TÉRENCE

TÉRENCE
TÉRENCE

Plaute et Térence, qui, faute d’autres œuvres conservées, apparaissent comme les seuls représentants qualifiés du théâtre comique des Latins, demeurent, depuis quelque vingt siècles, joints en une sorte de diptyque plus commode pour l’enseignement des manuels que conforme à la réalité. Plaute y fait figure d’éminent «farceur», doué de toutes les vertus d’exubérance; Térence, par contraste, apparaît comme un «délicat», moralisant et sensible. L’antithèse peut, à la rigueur, se justifier dans son ensemble. Les deux auteurs recourent aux mêmes modèles de la comédie hellénique; ils leur empruntent les mêmes formules scéniques, les mêmes situations, la même galerie de types.

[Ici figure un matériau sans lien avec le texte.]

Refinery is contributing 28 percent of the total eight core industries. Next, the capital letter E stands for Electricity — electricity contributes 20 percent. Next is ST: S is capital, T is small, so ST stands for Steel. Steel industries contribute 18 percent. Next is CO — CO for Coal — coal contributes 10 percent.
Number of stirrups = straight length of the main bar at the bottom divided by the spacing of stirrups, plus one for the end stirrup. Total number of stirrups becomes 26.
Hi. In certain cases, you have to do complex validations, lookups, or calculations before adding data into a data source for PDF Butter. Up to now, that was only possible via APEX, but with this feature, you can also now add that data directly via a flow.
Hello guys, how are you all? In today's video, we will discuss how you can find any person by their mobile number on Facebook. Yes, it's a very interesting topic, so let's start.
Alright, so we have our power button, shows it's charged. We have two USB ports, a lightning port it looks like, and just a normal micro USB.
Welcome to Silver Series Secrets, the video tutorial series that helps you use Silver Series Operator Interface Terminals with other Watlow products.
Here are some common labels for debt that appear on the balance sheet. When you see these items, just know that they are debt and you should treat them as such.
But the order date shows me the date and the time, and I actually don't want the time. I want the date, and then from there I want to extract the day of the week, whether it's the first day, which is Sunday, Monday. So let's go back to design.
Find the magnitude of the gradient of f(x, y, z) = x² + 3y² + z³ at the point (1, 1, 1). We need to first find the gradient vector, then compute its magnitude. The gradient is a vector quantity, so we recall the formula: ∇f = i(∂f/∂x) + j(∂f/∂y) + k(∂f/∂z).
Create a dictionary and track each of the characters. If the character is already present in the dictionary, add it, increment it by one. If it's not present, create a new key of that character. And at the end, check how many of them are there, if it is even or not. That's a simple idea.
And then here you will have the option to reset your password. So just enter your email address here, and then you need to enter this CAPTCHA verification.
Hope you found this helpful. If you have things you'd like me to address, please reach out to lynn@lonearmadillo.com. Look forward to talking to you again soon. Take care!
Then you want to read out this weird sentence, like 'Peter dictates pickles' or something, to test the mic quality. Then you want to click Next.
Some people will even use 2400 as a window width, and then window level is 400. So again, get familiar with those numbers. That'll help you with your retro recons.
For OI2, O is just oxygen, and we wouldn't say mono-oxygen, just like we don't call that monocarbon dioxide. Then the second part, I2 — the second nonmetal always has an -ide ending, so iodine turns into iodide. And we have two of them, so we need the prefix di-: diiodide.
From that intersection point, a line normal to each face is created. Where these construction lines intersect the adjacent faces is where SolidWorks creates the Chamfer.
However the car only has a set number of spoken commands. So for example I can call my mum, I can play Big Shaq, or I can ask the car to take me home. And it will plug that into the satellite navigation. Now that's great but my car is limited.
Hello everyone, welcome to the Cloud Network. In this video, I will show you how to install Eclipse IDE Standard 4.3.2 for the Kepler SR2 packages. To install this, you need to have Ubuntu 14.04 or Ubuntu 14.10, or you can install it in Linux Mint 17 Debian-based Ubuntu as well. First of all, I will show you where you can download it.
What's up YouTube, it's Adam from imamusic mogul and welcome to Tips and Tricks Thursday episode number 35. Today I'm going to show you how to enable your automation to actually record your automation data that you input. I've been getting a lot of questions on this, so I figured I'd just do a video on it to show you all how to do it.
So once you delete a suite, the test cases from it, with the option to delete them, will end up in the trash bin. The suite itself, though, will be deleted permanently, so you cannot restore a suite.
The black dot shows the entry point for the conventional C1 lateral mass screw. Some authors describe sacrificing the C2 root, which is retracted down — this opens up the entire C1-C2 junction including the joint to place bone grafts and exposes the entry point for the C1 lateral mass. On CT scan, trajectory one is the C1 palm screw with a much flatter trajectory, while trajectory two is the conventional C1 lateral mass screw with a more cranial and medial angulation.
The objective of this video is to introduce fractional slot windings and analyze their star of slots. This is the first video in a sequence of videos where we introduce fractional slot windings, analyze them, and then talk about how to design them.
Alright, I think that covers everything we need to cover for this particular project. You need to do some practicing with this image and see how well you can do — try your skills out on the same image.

Mais il y a entre eux vingt années d’intervalle, c’est-à-dire tout l’espace d’une génération. Il y a, notamment, l’œuvre de Caecilius Statius, un Gaulois de Cisalpine, auteur d’environ quarante comédies, dont il ne nous reste pas trois cents vers, et que Cicéron plaçait au premier rang des comiques latins. Vingt années, cela peut suffire pour une transformation notable du goût et, partant, pour que se manifeste chez un écrivain l’intention délibérée de faire triompher des valeurs modernes. C’est ainsi que l’on assiste, vers 165, à la libération extrême d’un courant de culture, lequel cherchait, tant bien que mal, à s’imposer dans les lettres latines; et par là, par une affirmation retardée, mais fort nette, de la primauté grecque, un cercle comme celui de Scipion Emilien peut être considéré comme un «club» d’avant-garde. Dans le milieu raffiné où pénètre Térence, tous ses compagnons sont très jeunes. Lui-même a vingt ans à peine quand il donne sa première pièce.

Le répertoire de Térence

Publius Terentius Afer, dans sa courte existence – il est né en Afrique et vint à Rome très jeune, il est mort vers sa trentième année au cours d’un voyage en Grèce –, a écrit six comédies dont l’ordre, sinon la chronologie exacte, est à peu près établi, et qui est proche de celui des manuscrits: Andria (surnom de femme), Eunuchus , Hecyra (la belle-mère), Heautontimoroumenos (le bourreau de soi-même), Phormio (imité en partie par Molière dans Les Fourberies de Scapin ) et Adelphi (les frères). Cette suite traduit assez bien comment l’auteur a, peu à peu, trouvé sa voie dans le domaine de ce que G. Meredith appelle la high comedy .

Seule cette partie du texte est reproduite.